§ Task prompt
For the data below, restate word for word only the lines from the line containing "金秋收获季，果实累累[比心]" through the line containing "만성신부전과 세포 재생, EvoStem은 어떤 프로그램일까요?", both ends included.

◆ ◆ ◆ ◆

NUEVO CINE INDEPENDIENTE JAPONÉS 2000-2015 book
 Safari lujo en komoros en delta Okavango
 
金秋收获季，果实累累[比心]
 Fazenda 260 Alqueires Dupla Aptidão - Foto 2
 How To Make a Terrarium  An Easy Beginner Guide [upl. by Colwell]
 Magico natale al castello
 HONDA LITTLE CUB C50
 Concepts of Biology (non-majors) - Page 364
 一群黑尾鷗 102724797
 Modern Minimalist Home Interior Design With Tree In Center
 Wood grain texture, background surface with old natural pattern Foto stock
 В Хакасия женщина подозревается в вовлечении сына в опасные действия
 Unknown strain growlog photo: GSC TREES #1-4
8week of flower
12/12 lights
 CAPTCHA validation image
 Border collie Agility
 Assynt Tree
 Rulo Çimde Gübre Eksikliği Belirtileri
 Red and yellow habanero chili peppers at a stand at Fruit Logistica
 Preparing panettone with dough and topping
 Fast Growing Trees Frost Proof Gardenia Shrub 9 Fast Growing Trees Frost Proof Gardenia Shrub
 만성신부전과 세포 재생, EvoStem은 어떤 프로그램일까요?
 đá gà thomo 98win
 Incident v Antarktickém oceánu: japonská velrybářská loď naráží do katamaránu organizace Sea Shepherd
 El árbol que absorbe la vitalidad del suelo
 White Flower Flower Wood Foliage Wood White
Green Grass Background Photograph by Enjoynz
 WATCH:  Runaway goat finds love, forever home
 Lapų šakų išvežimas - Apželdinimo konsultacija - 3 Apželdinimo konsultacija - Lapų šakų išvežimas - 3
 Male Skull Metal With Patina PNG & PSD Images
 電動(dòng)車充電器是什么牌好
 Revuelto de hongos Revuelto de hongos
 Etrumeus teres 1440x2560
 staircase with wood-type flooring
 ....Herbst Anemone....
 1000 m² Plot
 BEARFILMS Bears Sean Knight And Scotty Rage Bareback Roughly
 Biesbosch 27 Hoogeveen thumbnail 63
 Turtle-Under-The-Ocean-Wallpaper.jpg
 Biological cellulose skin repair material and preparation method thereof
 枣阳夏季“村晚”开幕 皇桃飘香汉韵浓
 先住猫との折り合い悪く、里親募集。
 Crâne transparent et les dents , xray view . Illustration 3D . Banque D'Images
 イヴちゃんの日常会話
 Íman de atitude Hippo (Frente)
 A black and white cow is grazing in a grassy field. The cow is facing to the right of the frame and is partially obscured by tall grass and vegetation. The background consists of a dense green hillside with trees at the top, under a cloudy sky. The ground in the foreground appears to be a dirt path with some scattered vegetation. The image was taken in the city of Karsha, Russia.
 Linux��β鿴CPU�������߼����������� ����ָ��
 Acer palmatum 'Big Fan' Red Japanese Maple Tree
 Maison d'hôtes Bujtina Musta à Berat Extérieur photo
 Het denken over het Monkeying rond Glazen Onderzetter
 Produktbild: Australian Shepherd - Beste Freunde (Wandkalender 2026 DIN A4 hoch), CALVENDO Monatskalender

◆ ◆ ◆ ◆

§ Exercise output
金秋收获季，果实累累[比心]
 Fazenda 260 Alqueires Dupla Aptidão - Foto 2
 How To Make a Terrarium  An Easy Beginner Guide [upl. by Colwell]
 Magico natale al castello
 HONDA LITTLE CUB C50
 Concepts of Biology (non-majors) - Page 364
 一群黑尾鷗 102724797
 Modern Minimalist Home Interior Design With Tree In Center
 Wood grain texture, background surface with old natural pattern Foto stock
 В Хакасия женщина подозревается в вовлечении сына в опасные действия
 Unknown strain growlog photo: GSC TREES #1-4
8week of flower
12/12 lights
 CAPTCHA validation image
 Border collie Agility
 Assynt Tree
 Rulo Çimde Gübre Eksikliği Belirtileri
 Red and yellow habanero chili peppers at a stand at Fruit Logistica
 Preparing panettone with dough and topping
 Fast Growing Trees Frost Proof Gardenia Shrub 9 Fast Growing Trees Frost Proof Gardenia Shrub
 만성신부전과 세포 재생, EvoStem은 어떤 프로그램일까요?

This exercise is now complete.